The Overachievers or The Overachievers: The Secret Lives of Driven Kids is a non-fiction book written by Alexandra Robbins. Using the example of some American teenagers, it centers upon overachievement in high school, emphasizing its negative effect in modern American society. It specifically examines the belief that being successful depends on attaining the perfect GPA and being accepted by the "right" college.

Throughout the work, the author follows eight students who have a lifestyle where overachieving takes priority. She occasionally interrupts to address issues that affect one of the teens and explains its negative effect on an international scale. She discusses how social pressure from parents and friends, drugs, drinking, and suicide play a part in high school teenager's lives.

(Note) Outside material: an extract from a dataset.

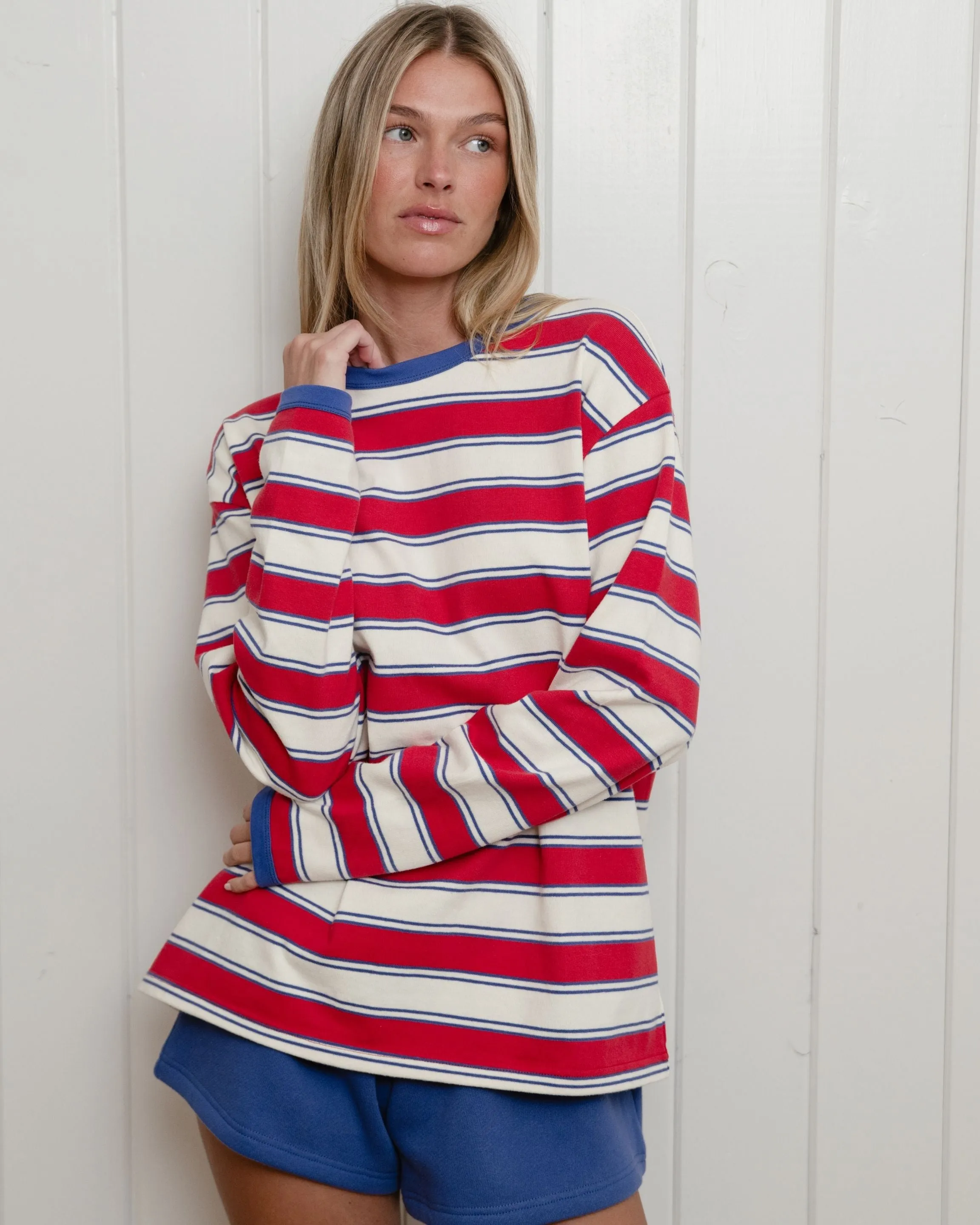 Long Sleeve Shirt - Lighthouse Stripe sold by Parke Official product image thumbnail 2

Robbins puts the No Child Left Behind Act in a negative light by placing an emphasis on standardized tests and claims the college admissions process in the United States to be corrupt and inefficient.

== Characters ==
- "AP" Frank (later just Frank) is a Korean/white college freshman attending Harvard. As a high school student, he had to deal with horrifying parental pressure to succeed and to come out on the top. His Korean mother's traditional Asian upbringing and values clashes against those of his white father.
- Audrey is a Hispanic junior who deals with perfectionism throughout the book. She works vigorously (often on weekends) on a physics project consisting of building a bridge out of toothpicks that can hold a certain amount of weight. After crafting it, she leaves it in the physics classroom, only to discover later that it is gone. Her teacher gives her an A, but Audrey still wants first place in the competition.
- C.J., a white student perceived as the class flirt, has to deal with misconceptions about being an overachiever.
- Julie is a white, self-driven overachiever who runs cross country. She fools people into thinking she is confident, perfect, and has everything under control, despite harboring uncertainties about her future. Julie finally relaxes when she arrives at Dartmouth College. Instead of taking herself so seriously and worrying so much about her image, she adopts the mantra "my life is a joke" and thus becomes immune to awkward situations.
- Pete is labeled an underachieving "meathead" who has the skills to succeed but not the motivation. His image and parents' financial issues have been stifling him.
- Sam is perceived as the teacher's pet and an overachiever who feels that if he doesn't get in a name-brand school, his hard work in high school would be wasted.
- Taylor is popular, but she is also friends with the "smart kids" and frequently has trouble balancing these two worlds. She often hides her intelligence from her "popular" friends, knowing that they will judge her for re-taking the SAT when she got a 1490 [including a perfect score on the math section] on her first try.
- Ryland is perceived as the slacker and struggles with dropping grades, too many extracurricular activities, and a form of ADD that requires Ritalin as treatment. This causes conflicts with his mother, who is convinced that he doesn't need the drug.
- The Stealth Overachiever is a mysterious junior who flies under the radar and, as we later discover, is someone familiar.